(Dataset records Opens)
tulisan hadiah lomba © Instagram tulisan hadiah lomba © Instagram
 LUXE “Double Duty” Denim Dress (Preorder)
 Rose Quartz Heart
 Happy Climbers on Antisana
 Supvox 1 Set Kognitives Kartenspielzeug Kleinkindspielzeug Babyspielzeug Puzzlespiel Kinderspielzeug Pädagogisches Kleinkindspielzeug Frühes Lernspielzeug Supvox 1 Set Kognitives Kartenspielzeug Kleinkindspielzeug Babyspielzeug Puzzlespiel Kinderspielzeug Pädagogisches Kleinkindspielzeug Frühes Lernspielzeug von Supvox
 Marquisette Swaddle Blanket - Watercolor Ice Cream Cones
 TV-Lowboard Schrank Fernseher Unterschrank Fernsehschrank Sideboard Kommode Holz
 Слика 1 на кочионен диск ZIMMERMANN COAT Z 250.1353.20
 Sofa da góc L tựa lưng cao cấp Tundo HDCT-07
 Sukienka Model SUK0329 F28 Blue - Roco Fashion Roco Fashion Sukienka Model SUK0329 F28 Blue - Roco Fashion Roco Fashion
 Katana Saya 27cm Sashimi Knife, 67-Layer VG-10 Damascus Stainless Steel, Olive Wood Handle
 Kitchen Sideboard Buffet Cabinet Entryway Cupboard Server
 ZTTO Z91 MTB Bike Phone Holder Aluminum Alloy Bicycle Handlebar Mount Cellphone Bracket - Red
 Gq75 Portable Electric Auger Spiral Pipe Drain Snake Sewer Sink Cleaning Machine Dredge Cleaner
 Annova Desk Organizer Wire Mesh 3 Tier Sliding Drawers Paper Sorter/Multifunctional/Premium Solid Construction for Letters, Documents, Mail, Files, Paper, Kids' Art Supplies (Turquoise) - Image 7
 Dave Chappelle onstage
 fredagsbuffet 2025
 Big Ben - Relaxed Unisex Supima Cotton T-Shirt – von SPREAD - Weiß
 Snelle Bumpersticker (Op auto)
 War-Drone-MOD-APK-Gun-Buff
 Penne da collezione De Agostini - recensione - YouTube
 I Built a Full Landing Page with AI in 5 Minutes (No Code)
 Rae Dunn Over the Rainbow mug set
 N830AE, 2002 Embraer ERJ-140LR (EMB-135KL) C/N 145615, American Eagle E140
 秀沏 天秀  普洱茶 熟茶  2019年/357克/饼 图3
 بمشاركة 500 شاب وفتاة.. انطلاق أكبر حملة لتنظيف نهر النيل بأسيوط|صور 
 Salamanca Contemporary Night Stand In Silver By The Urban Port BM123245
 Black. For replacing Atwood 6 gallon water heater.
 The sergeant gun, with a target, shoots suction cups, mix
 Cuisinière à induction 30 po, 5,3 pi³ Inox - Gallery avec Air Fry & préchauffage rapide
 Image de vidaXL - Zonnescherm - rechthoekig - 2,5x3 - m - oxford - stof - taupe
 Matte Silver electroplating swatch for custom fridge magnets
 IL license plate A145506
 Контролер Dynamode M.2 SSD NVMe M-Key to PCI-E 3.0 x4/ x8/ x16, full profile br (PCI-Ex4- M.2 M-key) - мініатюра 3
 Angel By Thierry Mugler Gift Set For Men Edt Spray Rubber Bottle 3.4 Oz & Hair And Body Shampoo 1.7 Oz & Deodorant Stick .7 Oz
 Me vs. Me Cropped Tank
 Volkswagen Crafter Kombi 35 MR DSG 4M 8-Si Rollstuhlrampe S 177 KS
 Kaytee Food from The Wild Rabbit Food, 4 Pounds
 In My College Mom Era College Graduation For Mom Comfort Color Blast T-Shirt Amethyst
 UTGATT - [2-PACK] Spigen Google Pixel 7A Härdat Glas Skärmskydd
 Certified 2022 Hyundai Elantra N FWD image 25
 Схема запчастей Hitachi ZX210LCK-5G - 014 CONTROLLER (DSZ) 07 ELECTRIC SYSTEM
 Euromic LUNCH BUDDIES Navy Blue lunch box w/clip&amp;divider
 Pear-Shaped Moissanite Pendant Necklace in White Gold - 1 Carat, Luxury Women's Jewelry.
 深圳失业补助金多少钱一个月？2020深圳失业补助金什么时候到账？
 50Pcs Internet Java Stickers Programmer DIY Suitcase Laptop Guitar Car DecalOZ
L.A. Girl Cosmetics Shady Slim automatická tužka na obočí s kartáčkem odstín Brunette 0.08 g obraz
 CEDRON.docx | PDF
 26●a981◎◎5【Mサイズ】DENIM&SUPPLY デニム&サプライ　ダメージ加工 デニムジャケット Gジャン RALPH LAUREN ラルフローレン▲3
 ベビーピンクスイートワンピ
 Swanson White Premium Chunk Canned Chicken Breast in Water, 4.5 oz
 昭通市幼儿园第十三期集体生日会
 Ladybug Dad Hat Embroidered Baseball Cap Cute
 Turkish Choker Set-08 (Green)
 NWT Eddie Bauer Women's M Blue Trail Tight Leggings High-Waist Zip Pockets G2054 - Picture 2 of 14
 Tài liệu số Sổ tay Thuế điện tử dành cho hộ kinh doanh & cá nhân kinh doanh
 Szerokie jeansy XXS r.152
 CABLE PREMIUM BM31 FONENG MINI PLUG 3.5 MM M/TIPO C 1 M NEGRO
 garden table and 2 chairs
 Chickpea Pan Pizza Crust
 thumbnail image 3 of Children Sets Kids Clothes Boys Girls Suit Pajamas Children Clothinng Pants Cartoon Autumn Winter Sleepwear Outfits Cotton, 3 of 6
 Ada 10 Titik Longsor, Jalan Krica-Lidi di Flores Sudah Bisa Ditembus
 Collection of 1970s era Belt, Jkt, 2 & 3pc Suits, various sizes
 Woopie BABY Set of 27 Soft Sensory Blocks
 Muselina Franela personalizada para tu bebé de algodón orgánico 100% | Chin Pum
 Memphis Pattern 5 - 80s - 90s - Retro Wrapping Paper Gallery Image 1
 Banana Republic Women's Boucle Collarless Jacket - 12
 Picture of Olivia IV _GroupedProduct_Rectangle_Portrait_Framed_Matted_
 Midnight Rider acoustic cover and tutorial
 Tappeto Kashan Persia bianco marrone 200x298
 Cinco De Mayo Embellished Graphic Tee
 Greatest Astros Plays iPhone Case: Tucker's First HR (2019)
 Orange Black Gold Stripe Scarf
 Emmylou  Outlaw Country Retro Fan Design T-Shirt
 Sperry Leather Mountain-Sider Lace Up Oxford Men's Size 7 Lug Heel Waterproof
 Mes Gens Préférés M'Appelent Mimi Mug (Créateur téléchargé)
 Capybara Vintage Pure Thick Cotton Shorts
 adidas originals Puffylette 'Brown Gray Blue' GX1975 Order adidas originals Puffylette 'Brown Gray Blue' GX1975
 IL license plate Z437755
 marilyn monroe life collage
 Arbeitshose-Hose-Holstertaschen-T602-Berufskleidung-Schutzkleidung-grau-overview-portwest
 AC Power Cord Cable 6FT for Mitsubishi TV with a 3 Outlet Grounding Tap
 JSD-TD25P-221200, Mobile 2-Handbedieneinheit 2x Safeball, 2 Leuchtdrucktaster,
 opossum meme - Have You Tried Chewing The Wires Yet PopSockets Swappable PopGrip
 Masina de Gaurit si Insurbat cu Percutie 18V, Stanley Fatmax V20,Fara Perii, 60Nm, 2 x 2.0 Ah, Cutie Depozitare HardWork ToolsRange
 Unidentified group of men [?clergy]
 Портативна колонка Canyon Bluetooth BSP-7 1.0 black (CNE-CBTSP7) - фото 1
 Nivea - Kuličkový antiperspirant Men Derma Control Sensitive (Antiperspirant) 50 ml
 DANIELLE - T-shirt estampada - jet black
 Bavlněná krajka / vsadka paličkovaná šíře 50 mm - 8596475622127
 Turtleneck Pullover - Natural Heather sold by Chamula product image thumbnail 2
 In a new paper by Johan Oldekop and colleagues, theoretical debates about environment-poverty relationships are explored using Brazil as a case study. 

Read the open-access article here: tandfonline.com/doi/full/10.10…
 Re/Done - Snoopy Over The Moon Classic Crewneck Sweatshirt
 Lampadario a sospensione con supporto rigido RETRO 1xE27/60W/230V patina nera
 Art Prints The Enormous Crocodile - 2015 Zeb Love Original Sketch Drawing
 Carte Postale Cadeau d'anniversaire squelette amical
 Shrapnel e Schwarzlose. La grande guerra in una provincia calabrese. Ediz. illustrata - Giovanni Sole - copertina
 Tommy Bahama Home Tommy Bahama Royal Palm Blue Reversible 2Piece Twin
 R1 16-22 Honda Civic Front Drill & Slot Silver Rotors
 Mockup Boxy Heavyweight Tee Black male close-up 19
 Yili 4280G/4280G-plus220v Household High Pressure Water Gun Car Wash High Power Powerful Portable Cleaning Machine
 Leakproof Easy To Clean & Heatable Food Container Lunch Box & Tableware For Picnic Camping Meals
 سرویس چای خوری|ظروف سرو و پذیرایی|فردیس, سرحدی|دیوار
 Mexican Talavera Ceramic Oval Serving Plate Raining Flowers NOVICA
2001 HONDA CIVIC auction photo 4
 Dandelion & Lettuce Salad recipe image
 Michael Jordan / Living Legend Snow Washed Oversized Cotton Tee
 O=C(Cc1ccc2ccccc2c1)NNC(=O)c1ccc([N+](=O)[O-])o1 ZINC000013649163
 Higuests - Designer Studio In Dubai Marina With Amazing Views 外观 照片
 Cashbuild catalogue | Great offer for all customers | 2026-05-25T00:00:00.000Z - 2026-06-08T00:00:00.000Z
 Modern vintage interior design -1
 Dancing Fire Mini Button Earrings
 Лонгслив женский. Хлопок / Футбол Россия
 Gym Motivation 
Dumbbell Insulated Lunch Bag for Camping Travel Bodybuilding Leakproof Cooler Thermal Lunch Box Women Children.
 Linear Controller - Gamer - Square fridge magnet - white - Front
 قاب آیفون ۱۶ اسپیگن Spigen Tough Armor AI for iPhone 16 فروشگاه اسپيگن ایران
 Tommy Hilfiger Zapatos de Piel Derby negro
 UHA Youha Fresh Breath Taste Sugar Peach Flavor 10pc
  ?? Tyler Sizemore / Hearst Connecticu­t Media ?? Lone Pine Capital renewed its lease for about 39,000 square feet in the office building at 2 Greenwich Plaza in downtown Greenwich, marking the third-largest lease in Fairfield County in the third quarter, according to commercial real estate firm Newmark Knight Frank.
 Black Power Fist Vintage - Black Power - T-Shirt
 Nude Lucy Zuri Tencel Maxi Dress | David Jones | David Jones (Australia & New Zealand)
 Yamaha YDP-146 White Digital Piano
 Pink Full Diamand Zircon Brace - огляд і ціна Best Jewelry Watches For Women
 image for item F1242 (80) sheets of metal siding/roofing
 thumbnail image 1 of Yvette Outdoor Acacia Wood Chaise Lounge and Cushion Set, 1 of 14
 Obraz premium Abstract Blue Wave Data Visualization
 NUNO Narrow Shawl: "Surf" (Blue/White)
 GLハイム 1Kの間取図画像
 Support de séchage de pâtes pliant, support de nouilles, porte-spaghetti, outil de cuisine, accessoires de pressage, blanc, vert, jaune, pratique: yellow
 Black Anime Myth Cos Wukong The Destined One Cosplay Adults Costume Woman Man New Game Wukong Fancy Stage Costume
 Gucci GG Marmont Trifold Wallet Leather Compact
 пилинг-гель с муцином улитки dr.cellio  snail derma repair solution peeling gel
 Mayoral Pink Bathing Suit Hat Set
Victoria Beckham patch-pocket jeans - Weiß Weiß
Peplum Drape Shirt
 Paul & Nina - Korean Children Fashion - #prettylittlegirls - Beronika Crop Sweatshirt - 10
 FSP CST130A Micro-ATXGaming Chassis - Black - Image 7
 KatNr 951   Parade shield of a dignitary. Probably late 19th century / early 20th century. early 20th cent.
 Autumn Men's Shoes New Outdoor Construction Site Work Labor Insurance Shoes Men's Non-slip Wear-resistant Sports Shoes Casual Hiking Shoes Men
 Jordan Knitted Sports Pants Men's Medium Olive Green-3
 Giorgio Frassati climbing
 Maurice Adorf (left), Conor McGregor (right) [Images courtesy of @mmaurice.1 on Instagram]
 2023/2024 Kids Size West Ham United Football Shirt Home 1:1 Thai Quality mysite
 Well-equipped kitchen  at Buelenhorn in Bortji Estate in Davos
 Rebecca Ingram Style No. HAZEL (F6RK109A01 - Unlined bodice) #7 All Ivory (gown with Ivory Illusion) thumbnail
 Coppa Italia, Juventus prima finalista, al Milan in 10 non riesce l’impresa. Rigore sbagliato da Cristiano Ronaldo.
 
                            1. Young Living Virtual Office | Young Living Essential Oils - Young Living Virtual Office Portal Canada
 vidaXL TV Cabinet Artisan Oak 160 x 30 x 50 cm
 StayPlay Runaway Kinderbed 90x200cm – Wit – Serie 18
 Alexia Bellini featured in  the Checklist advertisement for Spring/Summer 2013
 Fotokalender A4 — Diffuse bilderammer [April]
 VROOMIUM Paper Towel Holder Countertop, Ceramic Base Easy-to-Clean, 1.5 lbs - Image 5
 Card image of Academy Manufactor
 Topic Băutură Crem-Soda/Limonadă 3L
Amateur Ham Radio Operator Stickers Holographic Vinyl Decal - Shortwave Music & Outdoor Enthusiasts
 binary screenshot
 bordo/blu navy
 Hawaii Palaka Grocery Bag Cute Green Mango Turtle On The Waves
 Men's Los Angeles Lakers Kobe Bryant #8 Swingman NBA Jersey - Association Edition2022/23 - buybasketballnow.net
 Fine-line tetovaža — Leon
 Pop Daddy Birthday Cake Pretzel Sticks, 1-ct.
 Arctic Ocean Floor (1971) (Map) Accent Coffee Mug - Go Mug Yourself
(Dataset records Closes)
Please give back exactly the lines of the listing above that run from the one containing "fredagsbuffet 2025" through the one containing "ベビーピンクスイートワンピ", and only those.

Worked solution:
 fredagsbuffet 2025
 Big Ben - Relaxed Unisex Supima Cotton T-Shirt – von SPREAD - Weiß
 Snelle Bumpersticker (Op auto)
 War-Drone-MOD-APK-Gun-Buff
 Penne da collezione De Agostini - recensione - YouTube
 I Built a Full Landing Page with AI in 5 Minutes (No Code)
 Rae Dunn Over the Rainbow mug set
 N830AE, 2002 Embraer ERJ-140LR (EMB-135KL) C/N 145615, American Eagle E140
 秀沏 天秀  普洱茶 熟茶  2019年/357克/饼 图3
 بمشاركة 500 شاب وفتاة.. انطلاق أكبر حملة لتنظيف نهر النيل بأسيوط|صور 
 Salamanca Contemporary Night Stand In Silver By The Urban Port BM123245
 Black. For replacing Atwood 6 gallon water heater.
 The sergeant gun, with a target, shoots suction cups, mix
 Cuisinière à induction 30 po, 5,3 pi³ Inox - Gallery avec Air Fry & préchauffage rapide
 Image de vidaXL - Zonnescherm - rechthoekig - 2,5x3 - m - oxford - stof - taupe
 Matte Silver electroplating swatch for custom fridge magnets
 IL license plate A145506
 Контролер Dynamode M.2 SSD NVMe M-Key to PCI-E 3.0 x4/ x8/ x16, full profile br (PCI-Ex4- M.2 M-key) - мініатюра 3
 Angel By Thierry Mugler Gift Set For Men Edt Spray Rubber Bottle 3.4 Oz & Hair And Body Shampoo 1.7 Oz & Deodorant Stick .7 Oz
 Me vs. Me Cropped Tank
 Volkswagen Crafter Kombi 35 MR DSG 4M 8-Si Rollstuhlrampe S 177 KS
 Kaytee Food from The Wild Rabbit Food, 4 Pounds
 In My College Mom Era College Graduation For Mom Comfort Color Blast T-Shirt Amethyst
 UTGATT - [2-PACK] Spigen Google Pixel 7A Härdat Glas Skärmskydd
 Certified 2022 Hyundai Elantra N FWD image 25
 Схема запчастей Hitachi ZX210LCK-5G - 014 CONTROLLER (DSZ) 07 ELECTRIC SYSTEM
 Euromic LUNCH BUDDIES Navy Blue lunch box w/clip&amp;divider
 Pear-Shaped Moissanite Pendant Necklace in White Gold - 1 Carat, Luxury Women's Jewelry.
 深圳失业补助金多少钱一个月？2020深圳失业补助金什么时候到账？
 50Pcs Internet Java Stickers Programmer DIY Suitcase Laptop Guitar Car DecalOZ
L.A. Girl Cosmetics Shady Slim automatická tužka na obočí s kartáčkem odstín Brunette 0.08 g obraz
 CEDRON.docx | PDF
 26●a981◎◎5【Mサイズ】DENIM&SUPPLY デニム&サプライ　ダメージ加工 デニムジャケット Gジャン RALPH LAUREN ラルフローレン▲3
 ベビーピンクスイートワンピ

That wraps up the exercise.